Speaking to a crowd at Iowa State University, just 10 weeks before voters go to the polls on 6 November; Obama asked students what energy future they would prefer.

He said: “Will this be a country that keeps moving away from foreign oil and towards renewable sources of energy like wind and solar and biofuels. Energy that makes our economy more secure, but also makes our planet more secure?

“You believed four years ago that we could use less foreign oil and reduce the carbon pollution that threatens our planet. And in just four years, we’ve doubled the generation of clean, renewable energy like wind and solar.”

Referring to the latest changes to fuels standards announced by his administration this week, Obama added: “We developed new fuel standards so that your car will get nearly 55 miles per gallon by the middle of the next decade.
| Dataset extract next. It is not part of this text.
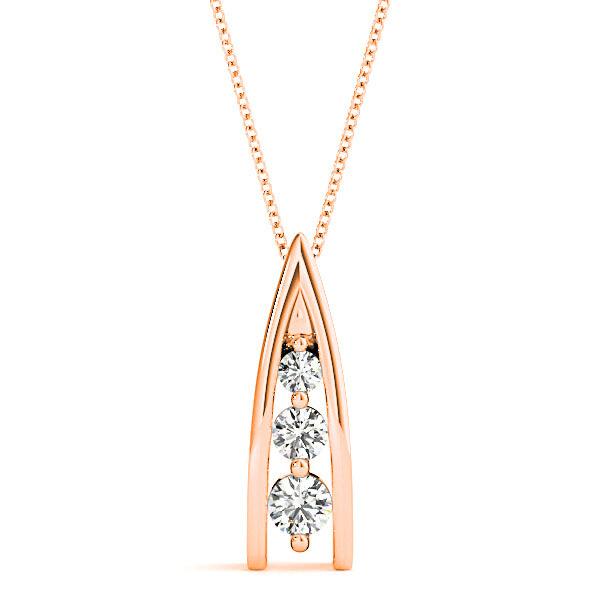 0.45 ctw Round Diamond Three Stone Necklace Pendant-VIRABYANI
That’s going to save you money at the pump.

“That will reduce greenhouse gas emissions by a level roughly equivalent to a year’s worth of emissions from all the cars in the world.”

While energy remains a priority topic for the candidates going into the election, the latest comments from Obama follow criticism that not enough emphasis is being placed on climate change in the election campaign.

While Obama has used several high profile interviews to mention the topic, the climate does not appear to be a top priority for his election, while Romney has claimed he does not know what is causing global warming.

For many environmentalists neither candidate has placed enough emphasis on the topic in the election build up. This week, the League of Conservation Voters launched an online petition urging PBS’s Jim Lehrer – the moderator of the first presidential TV debate – to ask a climate-related question.